--- Data block Enclosed Below ---

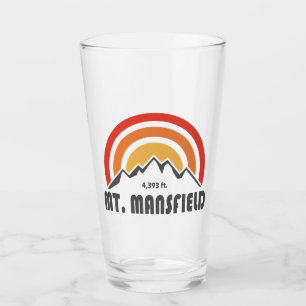 Monte Mansfield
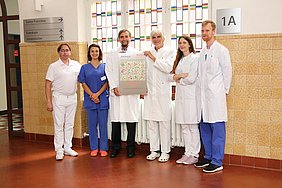 Diabetologie am St. Antonius Krankenhaus erneut eine der 12 besten in ganz Deutschland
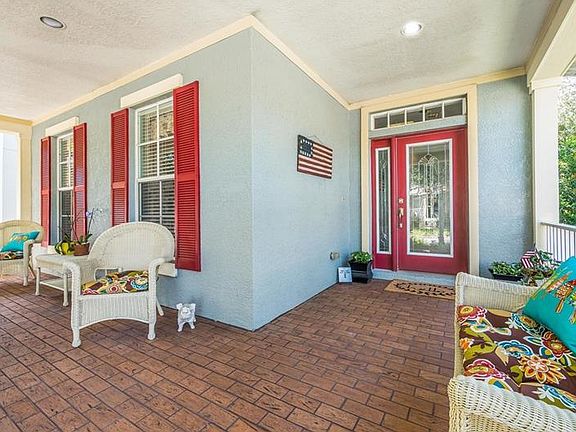 4th image of 16203 Bridgewalk Dr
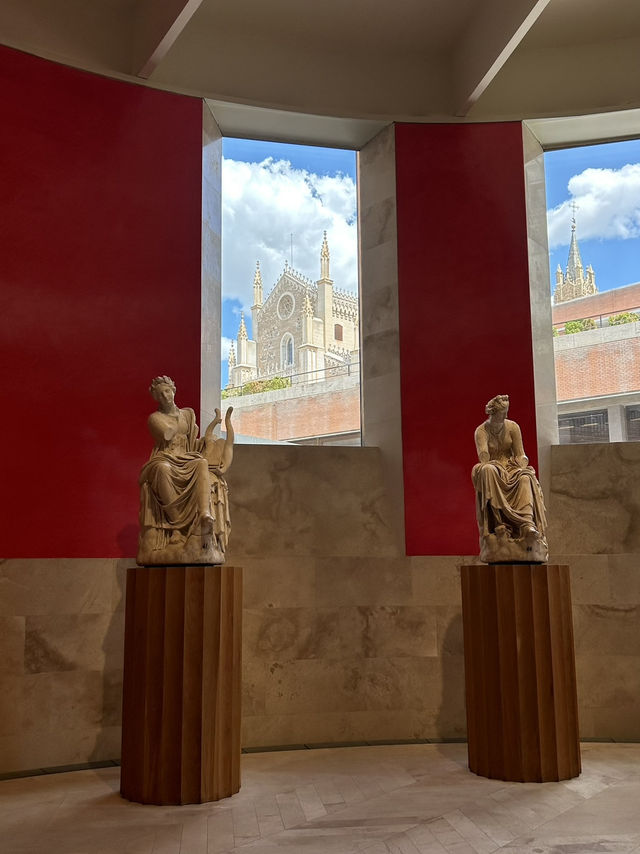 Prado Museum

--- End of Enclosed Data block ---

▸ Activity
Leave every picture out and print exactly the lines from the one that contains "Diabetologie am St." through the last line of the material above.

▸ Result
 Diabetologie am St. Antonius Krankenhaus erneut eine der 12 besten in ganz Deutschland
 4th image of 16203 Bridgewalk Dr
 Prado Museum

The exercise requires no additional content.